Source material
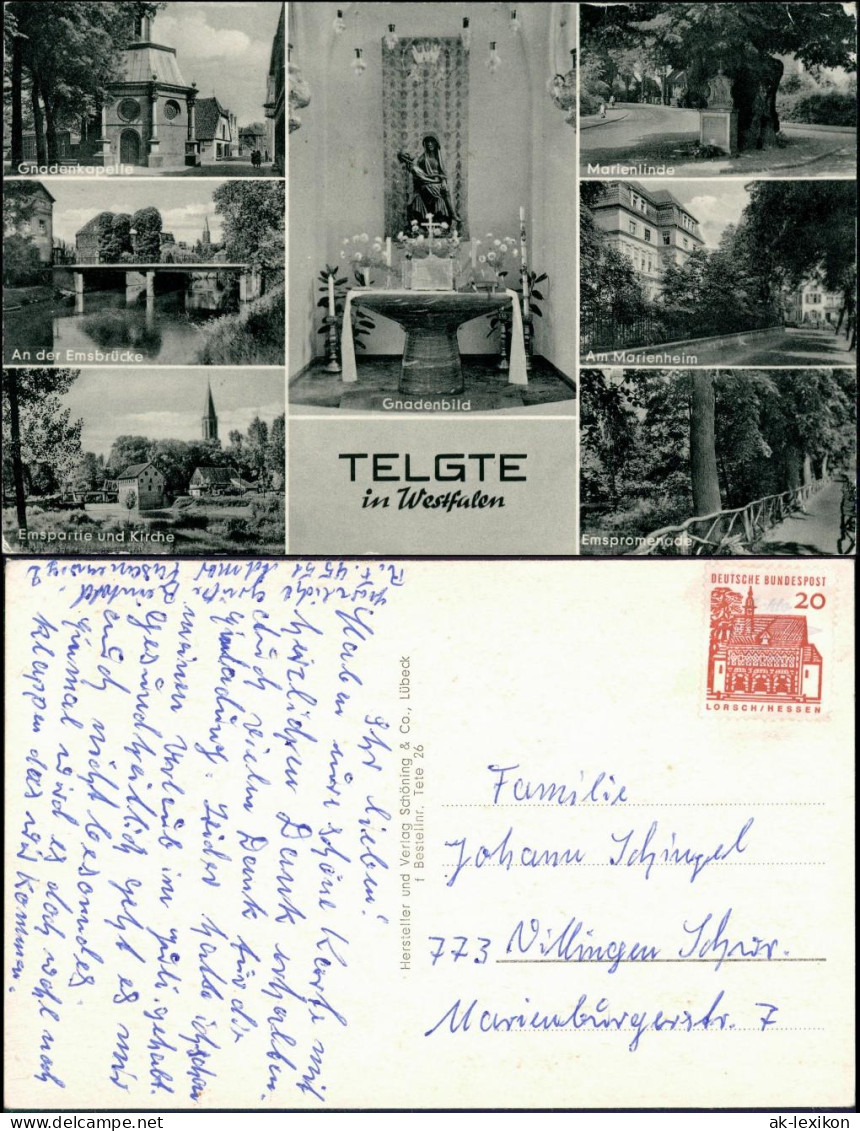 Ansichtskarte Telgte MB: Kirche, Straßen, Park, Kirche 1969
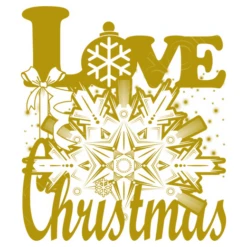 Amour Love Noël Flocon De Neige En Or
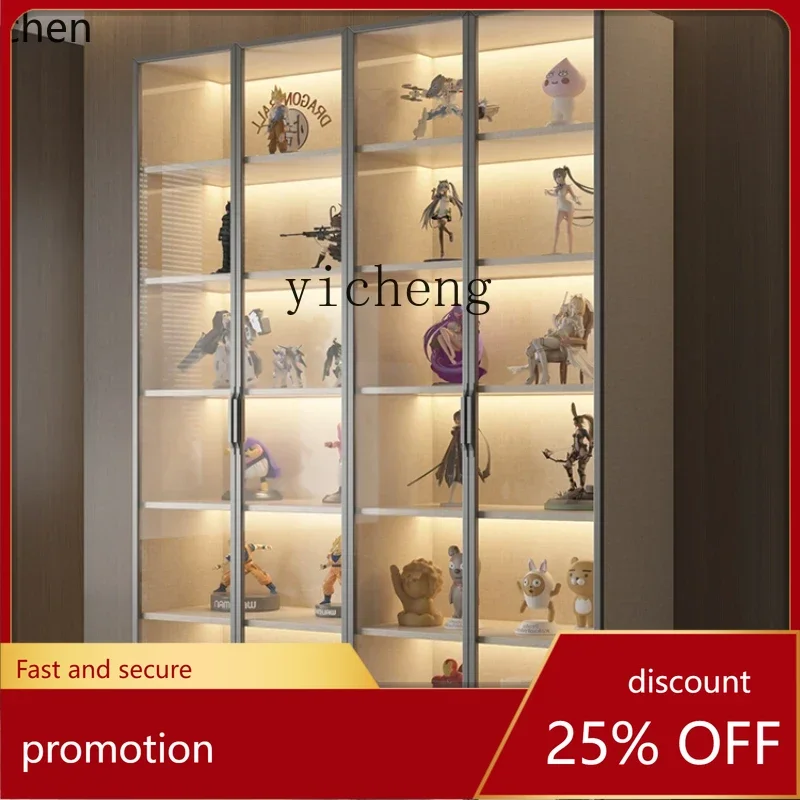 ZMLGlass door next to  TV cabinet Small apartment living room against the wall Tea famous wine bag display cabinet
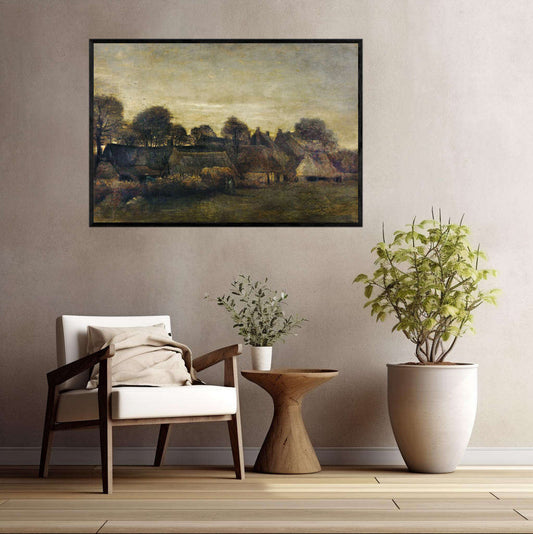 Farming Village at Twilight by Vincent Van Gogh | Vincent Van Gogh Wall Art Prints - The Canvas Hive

What needs to be done
Repeat each line of the material exactly, please, and skip every picture.

Solution to this task
 Ansichtskarte Telgte MB: Kirche, Straßen, Park, Kirche 1969
 Amour Love Noël Flocon De Neige En Or
 ZMLGlass door next to  TV cabinet Small apartment living room against the wall Tea famous wine bag display cabinet
 Farming Village at Twilight by Vincent Van Gogh | Vincent Van Gogh Wall Art Prints - The Canvas Hive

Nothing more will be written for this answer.